Free page reporting adds a way for the guest to report free memory pages back to the host. The guest does so by adding 4MiB sized (Linux implementation constant) free pages to the free page report and sending report to the host. The guest guarantees not to reuse any free pages until the host acknowledges the report.
When the host receives a free page report, it decommits memory pages making them available for host applications and acks report back to the guest. At this point the guest may reuse pages that were previously free'd and acknowledged. If the guest decides to re-use the page, the host detects a guest physical to host physical page fauls and allocates a new physical page to fulfill the guest request.
See Free page reporting: by Alexander Duyck ( Intel ). Slide 10 for a detailed explanation.
Facilitator:
Reviewers:
Consulted:
Socialization:
This RFC went through a review with the Virtualization team. Approach was discussed with cwd@google.com who is solving a similar albeit larger problem for ChromeOS.
We'll use Free page reporting feature to report and reclaim all free memory to the host.
All being anything of order PAGE_REPORTING_MIN_ORDER or higher (defined in Linux kernel to 4MiB).
Use of free page reporting will reclaim most of the memory over the next 30 seconds. Reported free page size is 2MiB or 4MiB, some amount of memory fragmentation is expected. On the guest side free page reporting is staggered over time to minimize the performance impact.
Linux-5.15 will report most free memory over 30 seconds in 2MiB and 4MiB blocks.
Free page reporting won't evict Linux page cache which could be a problem if the guest is running IO intensive workloads. See Linux Page Cache Basics for information about the page cache in Linux.
This might change in the future when our Linux guest images start using MGLRU See the “Drawbacks, alternatives and unknown” section on MGLRU.
Not trashing page cache arbitrarily is a good thing, it exists for a reason. The host should take memory from the guest page cache only when the host actually needs it. This means we'll need to provide a way to reclaim the guest memory being used for the page cache when the host is under memory pressure.
Second change is to use the memorypressure provider to inflate the balloon on WARNING and CRITICAL host memory levels.
Inflating the balloon achieves two goals:
Inflation volume will be proportional to the available guest memory. Balloon will be inflated to 90% of the available guest memory on WARNING and CRITICAL host memory events. We have to inflate both on WARNING and CRITICAL events in case free memory sharply goes down from NORMAL to CRITICAL. The balloon will be deflated to 0% when host memory pressure is back to NORMAL.
We want to avoid constantly inflating and deflating ballon when the host is under memory pressure. Balloon inflation has a performance cost for both the guest and the host.

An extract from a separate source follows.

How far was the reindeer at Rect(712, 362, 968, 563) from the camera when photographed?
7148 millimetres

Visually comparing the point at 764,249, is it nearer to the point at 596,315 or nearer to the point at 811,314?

On top of it Constant balloon resizes cause many TLB shootdowns according to Intel.
To prevent balloon size bouncing back and forth we'll throttle balloon inflation operations to 1 inflate per X seconds. X to be configured during teamfood testing. Initial value will be 1 minute. There is a potential to have more timeouts, such as a timeout to deflate balloon if host stays in memory pressure WARNING for too long. Additional timeouts can be added based on the teamfood testing telemetry.

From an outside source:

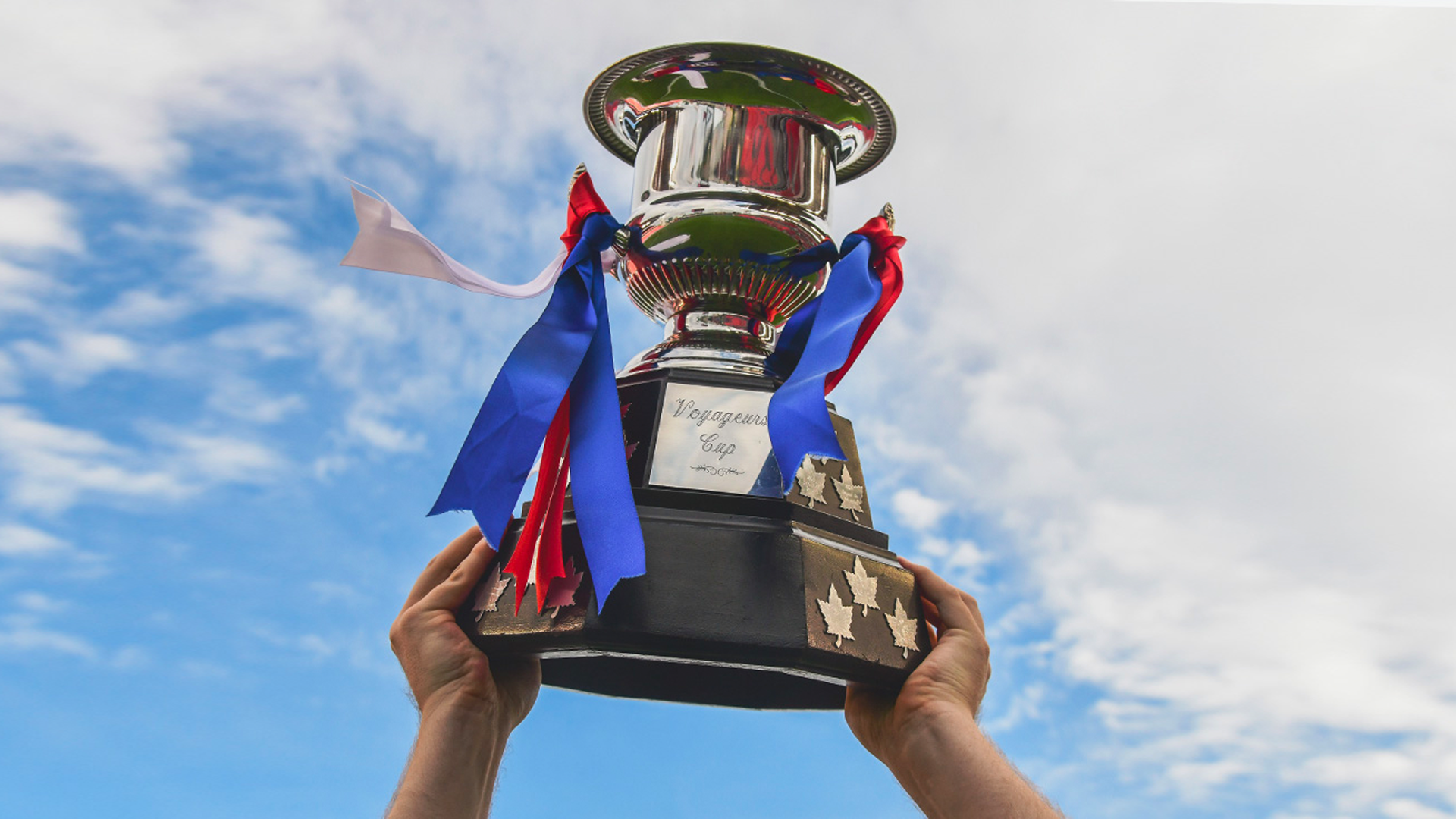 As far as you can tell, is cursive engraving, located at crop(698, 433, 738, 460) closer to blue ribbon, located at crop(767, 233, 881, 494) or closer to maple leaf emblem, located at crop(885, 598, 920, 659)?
blue ribbon, located at crop(767, 233, 881, 494)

Implementing memory reclaim would improve the host memory performance when user is running memory hungry applications in the guest. The host would have more memory available to work with instead of resorting to memory compression and other CPU expensive ways to get memory while guest has available memory to reclaim.
Free page report operation is staggered over 30 seconds in Linux implementation to reduce the performance impact on the guest. We expect 1%-2% performance impact in memory intensive guest workloads. See Free page reporting benchmarks.

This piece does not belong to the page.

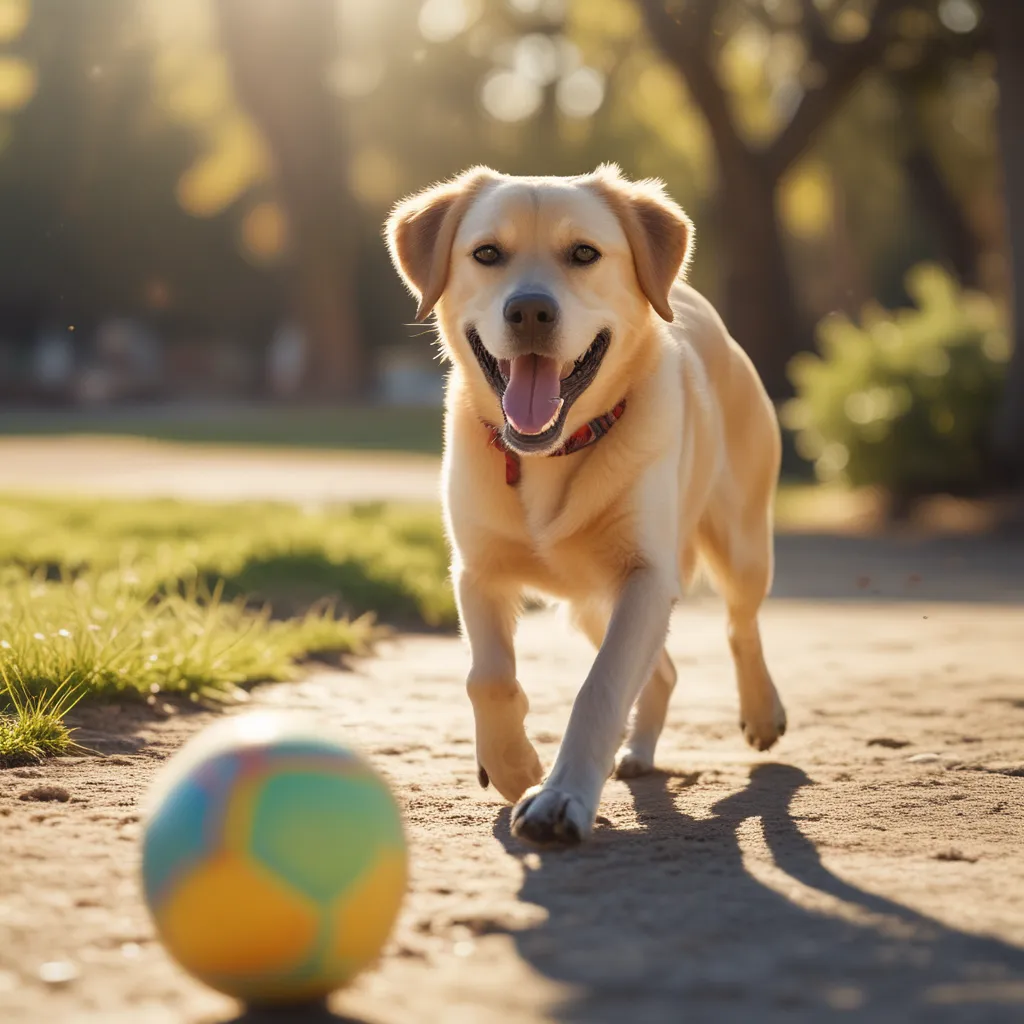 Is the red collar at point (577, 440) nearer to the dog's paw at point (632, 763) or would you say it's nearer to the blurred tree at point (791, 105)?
the dog's paw at point (632, 763)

Inflating the ballon when the host is low on memory might add extra load on both the host and the guest.
We'll need to measure the number of the guest “TLB shootdown” interrupts when the host is operating under memory pressure with and without memory reclaim enabled.
Benchmarks:
Metrics to capture
Reclaimed free pages are zero'ed as part of decommit operation, same as ballon inflate. This will prevent the guest information leaking to the host and other guests.
The bulk of the work will be done by unit tests and 2 integration tests. One integration tests will cover the free page reporting memory reclaim and another will cover the interaction of the guest page cache and the balloon inflate.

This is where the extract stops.